Sands won for East West Street: On the Origins of Crimes Against Humanity (W&N), the winner of the Baillie Gifford Prize for Non-Fiction, with Israeli writer Gundar-Goshen recognised for her novel Waking Lions (Pushkin Press), translated by Sondra Silverston.
The chair of the judges Bryan Cheyette, professor of modern literature at the university of Reading, described Waking Lions, a literary thriller about a doctor's choice after a hit-and-run involving an African migrant, as "an incredibly compelling and enjoyable read which tackles an unsettling issue which engages with the ethical core of present-day Israel."
Of Sands' book, Cheyette said: "East West Street is such a tremendously accomplished and beautifully written work, important on so many levels as a memoir, a history of the term genocide and of why human rights are crucial today."

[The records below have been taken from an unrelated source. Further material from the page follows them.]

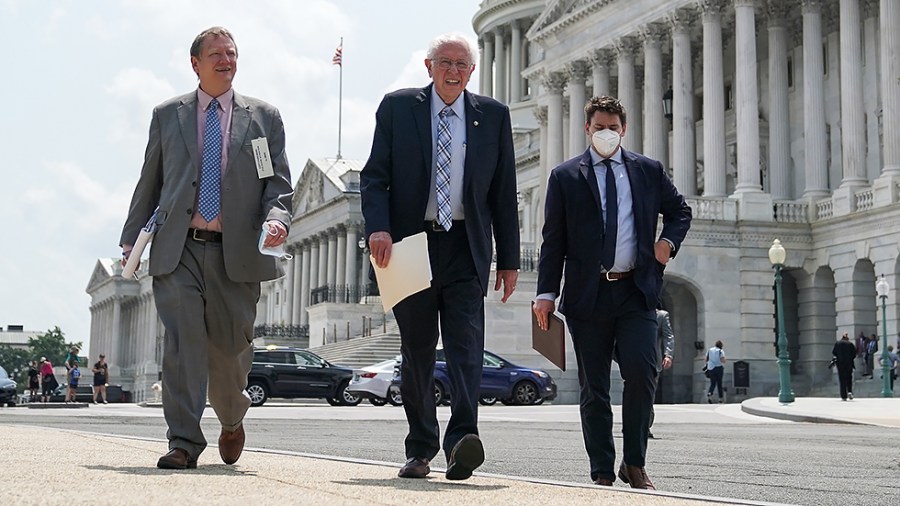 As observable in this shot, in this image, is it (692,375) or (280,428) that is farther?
(692,375)

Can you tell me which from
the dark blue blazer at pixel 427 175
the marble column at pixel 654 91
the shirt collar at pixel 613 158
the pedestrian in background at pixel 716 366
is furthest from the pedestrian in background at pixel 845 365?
the dark blue blazer at pixel 427 175

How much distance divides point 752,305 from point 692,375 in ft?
10.5

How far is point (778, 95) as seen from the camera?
166 ft

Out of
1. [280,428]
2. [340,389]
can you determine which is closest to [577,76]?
[340,389]

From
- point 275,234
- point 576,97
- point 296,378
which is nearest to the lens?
point 275,234

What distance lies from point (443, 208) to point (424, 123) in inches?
21.1

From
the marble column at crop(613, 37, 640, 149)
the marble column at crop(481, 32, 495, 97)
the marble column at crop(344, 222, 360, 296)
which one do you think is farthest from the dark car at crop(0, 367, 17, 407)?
the marble column at crop(481, 32, 495, 97)

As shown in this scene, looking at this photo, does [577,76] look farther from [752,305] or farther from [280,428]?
[280,428]

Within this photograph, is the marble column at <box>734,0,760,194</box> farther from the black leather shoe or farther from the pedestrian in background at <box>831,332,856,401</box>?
the black leather shoe

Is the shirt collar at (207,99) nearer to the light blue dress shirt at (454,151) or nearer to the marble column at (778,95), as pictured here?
the light blue dress shirt at (454,151)

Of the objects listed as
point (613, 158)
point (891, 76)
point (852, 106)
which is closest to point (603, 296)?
point (613, 158)

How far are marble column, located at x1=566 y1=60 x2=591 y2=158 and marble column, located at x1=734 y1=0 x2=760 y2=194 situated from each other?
1120cm

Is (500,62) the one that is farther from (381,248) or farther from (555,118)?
(381,248)

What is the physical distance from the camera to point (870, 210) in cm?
4378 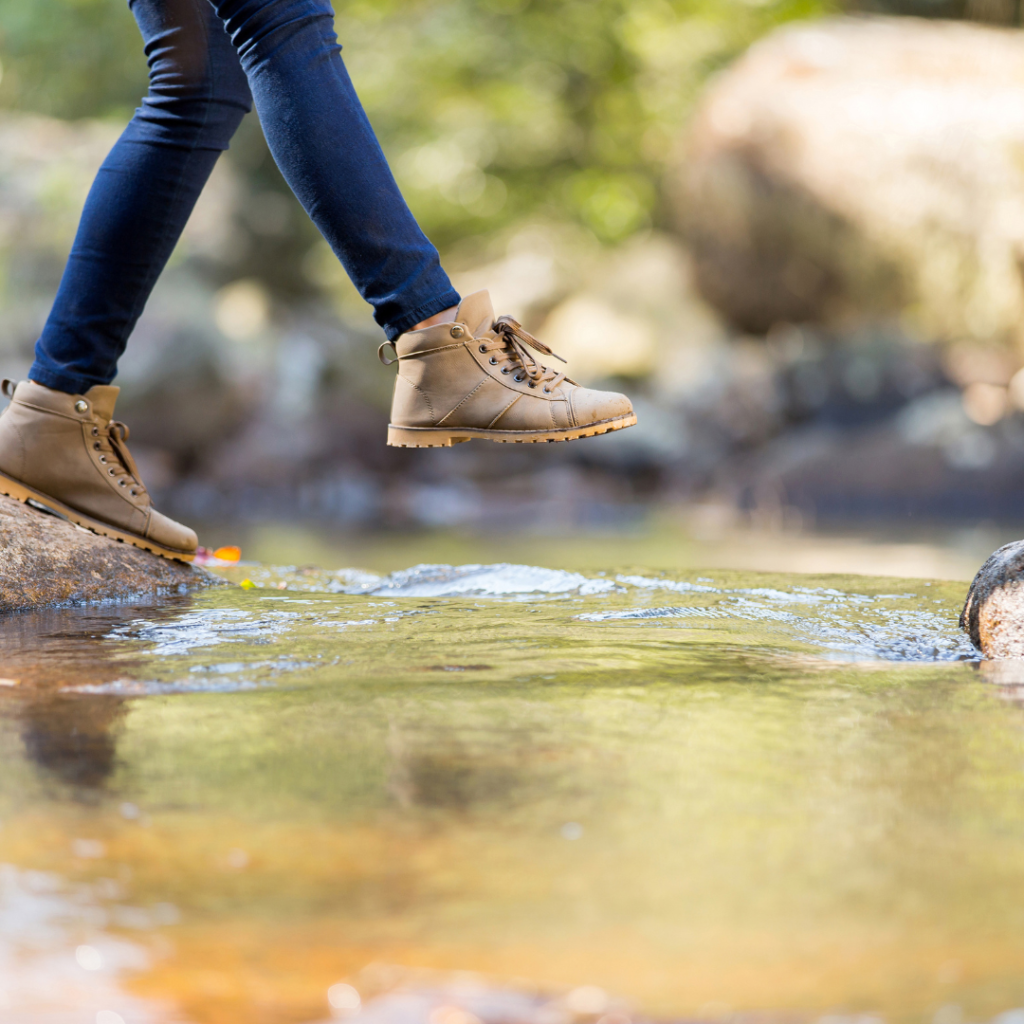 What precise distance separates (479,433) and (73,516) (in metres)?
0.87

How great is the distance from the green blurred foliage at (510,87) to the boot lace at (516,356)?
483 inches

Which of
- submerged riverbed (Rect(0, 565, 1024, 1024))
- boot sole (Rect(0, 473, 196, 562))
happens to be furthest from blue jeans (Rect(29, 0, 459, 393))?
submerged riverbed (Rect(0, 565, 1024, 1024))

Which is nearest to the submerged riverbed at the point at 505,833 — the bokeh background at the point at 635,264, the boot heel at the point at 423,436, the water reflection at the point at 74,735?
the water reflection at the point at 74,735

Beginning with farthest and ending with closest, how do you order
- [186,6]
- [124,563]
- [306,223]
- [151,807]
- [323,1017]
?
1. [306,223]
2. [124,563]
3. [186,6]
4. [151,807]
5. [323,1017]

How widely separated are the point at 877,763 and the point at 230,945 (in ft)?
2.04

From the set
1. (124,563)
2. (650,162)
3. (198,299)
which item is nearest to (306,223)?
(198,299)

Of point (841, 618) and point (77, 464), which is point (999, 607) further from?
point (77, 464)

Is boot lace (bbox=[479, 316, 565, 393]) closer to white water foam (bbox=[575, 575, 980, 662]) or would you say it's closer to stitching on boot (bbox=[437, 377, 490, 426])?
stitching on boot (bbox=[437, 377, 490, 426])

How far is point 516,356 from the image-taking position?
2139 mm

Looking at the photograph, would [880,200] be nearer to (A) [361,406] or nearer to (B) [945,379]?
(B) [945,379]

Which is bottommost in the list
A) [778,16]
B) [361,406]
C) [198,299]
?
[361,406]

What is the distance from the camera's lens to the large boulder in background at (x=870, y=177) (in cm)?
1102

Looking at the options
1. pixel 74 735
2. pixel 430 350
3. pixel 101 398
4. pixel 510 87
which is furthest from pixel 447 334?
pixel 510 87

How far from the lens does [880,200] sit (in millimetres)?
11281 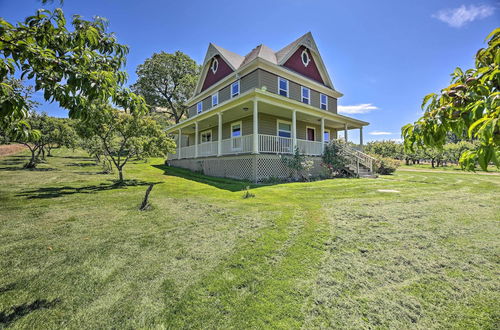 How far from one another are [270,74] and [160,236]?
47.5 ft

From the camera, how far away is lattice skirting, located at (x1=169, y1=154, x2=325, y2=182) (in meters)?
11.4

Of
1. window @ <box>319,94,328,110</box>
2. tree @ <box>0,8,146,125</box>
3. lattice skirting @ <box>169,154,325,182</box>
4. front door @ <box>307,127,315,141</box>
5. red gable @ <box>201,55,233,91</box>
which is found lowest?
lattice skirting @ <box>169,154,325,182</box>

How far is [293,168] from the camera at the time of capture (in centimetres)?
1203

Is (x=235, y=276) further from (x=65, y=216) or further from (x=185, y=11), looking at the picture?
(x=185, y=11)

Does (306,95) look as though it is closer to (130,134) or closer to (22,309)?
(130,134)

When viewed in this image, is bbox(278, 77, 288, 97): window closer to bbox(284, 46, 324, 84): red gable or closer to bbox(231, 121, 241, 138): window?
bbox(284, 46, 324, 84): red gable

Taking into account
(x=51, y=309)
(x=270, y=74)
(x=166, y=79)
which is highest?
(x=166, y=79)

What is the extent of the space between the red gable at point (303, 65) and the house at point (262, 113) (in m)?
0.08

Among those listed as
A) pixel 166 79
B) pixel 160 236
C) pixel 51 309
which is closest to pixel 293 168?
pixel 160 236

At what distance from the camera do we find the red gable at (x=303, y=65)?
17.3 meters

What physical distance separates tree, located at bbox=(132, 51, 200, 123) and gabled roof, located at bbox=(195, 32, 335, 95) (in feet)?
58.8

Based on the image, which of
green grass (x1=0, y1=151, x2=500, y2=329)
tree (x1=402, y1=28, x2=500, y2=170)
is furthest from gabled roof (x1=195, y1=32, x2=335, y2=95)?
tree (x1=402, y1=28, x2=500, y2=170)

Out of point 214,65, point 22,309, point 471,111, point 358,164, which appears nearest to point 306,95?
point 358,164

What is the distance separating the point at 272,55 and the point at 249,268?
61.9 feet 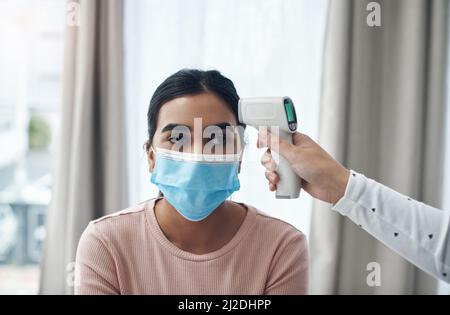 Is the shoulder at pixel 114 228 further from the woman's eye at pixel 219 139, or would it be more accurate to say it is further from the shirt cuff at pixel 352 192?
the shirt cuff at pixel 352 192

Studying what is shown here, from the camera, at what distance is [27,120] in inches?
69.4

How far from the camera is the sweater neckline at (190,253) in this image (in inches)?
38.3

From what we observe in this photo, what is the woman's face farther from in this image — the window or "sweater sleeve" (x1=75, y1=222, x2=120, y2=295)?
the window

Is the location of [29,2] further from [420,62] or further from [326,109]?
[420,62]

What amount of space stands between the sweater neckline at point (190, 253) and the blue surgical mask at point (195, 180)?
6 cm

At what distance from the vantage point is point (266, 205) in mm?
1674

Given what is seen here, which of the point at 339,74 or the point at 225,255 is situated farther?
the point at 339,74

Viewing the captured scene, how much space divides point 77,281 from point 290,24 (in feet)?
4.08

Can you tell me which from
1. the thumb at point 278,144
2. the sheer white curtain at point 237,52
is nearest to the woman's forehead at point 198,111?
the thumb at point 278,144

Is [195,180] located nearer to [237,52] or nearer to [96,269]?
[96,269]

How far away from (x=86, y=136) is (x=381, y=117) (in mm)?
1149

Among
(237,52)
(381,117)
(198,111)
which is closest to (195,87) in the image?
(198,111)

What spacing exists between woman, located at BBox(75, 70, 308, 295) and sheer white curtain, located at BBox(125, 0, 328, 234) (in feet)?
2.10

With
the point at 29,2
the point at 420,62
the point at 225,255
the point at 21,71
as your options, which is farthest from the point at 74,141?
the point at 420,62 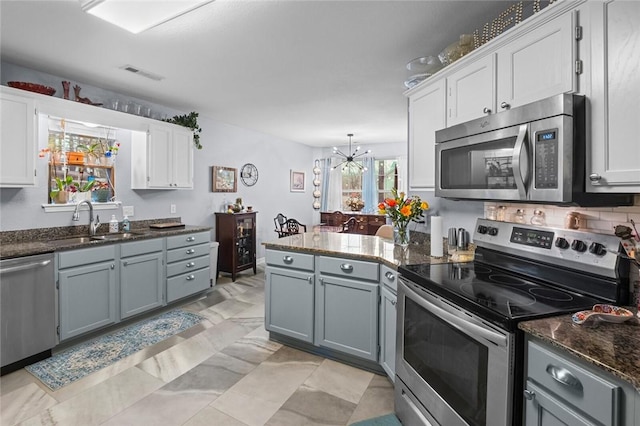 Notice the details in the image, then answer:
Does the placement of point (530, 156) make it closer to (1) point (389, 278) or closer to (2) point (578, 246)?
Result: (2) point (578, 246)

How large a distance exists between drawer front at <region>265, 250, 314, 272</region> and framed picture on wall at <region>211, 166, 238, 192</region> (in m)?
2.80

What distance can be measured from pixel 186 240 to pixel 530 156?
3700 millimetres

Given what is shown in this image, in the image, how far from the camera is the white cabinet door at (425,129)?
232 centimetres

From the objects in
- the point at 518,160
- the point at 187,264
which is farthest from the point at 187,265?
the point at 518,160

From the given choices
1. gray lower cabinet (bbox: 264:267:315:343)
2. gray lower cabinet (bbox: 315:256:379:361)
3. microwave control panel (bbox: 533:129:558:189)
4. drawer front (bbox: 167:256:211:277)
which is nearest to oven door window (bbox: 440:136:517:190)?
microwave control panel (bbox: 533:129:558:189)

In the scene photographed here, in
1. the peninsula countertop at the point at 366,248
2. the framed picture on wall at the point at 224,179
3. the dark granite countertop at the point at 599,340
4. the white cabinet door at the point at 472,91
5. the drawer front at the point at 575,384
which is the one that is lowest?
the drawer front at the point at 575,384

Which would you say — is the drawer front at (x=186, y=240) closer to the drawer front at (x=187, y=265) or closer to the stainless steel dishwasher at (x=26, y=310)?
the drawer front at (x=187, y=265)

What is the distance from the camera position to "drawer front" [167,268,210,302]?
3834 millimetres

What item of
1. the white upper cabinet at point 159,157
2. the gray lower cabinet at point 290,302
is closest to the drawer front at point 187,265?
the white upper cabinet at point 159,157

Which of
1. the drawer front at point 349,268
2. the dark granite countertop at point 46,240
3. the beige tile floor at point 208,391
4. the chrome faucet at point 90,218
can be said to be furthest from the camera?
the chrome faucet at point 90,218

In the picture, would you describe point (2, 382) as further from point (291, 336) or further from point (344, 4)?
point (344, 4)

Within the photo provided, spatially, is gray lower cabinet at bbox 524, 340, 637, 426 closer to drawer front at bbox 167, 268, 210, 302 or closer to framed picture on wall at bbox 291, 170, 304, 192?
drawer front at bbox 167, 268, 210, 302

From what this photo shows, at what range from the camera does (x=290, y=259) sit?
2791 millimetres

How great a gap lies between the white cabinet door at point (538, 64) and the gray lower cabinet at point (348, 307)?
54.7 inches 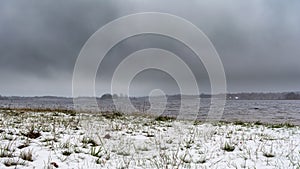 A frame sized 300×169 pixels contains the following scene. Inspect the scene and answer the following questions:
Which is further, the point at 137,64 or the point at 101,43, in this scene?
the point at 137,64

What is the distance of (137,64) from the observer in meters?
14.3

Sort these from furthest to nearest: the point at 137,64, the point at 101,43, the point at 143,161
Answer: the point at 137,64 → the point at 101,43 → the point at 143,161

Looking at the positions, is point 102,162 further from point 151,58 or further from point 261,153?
point 151,58

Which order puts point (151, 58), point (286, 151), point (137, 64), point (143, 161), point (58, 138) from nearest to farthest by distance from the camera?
point (143, 161)
point (286, 151)
point (58, 138)
point (137, 64)
point (151, 58)

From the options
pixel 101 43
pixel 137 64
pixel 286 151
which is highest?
pixel 101 43

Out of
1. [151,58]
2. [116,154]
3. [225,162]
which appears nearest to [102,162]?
[116,154]

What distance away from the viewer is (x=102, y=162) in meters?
4.12

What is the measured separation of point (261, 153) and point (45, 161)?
450 cm

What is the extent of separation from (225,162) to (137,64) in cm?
1059

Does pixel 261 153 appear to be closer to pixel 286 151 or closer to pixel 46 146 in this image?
pixel 286 151

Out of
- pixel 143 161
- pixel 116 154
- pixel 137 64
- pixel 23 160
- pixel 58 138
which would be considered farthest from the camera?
pixel 137 64

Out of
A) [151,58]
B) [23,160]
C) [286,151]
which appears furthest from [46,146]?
[151,58]

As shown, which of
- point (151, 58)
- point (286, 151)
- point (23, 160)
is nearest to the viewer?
point (23, 160)

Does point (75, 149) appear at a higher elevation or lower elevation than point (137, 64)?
lower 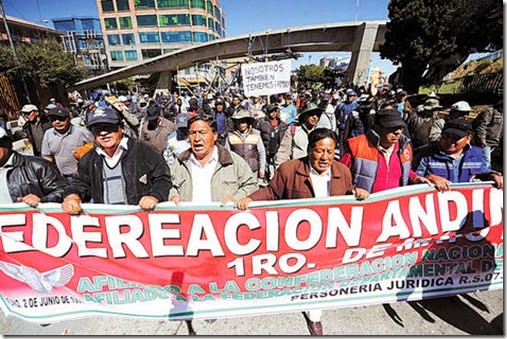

Sands and Gundar-Goshen’s books were victorious on a shortlist that also included The Crime and the Silence by Anna Bikont, translated by Alissa Valles (Windmill); Final Solution: The Fate of the Jews 1933-1949 by the late David Cesarani (Macmillan); and All for Nothing by Walter Kempowski, translated by Anthea Bell (Granta).
The annual JQ Wingate prize, run in partnership with Jewish cultural centre JW3, is awarded to the best book or books, fiction or non-fiction, of Jewish interest, for the general reader. This year it marks its 40th anniversary.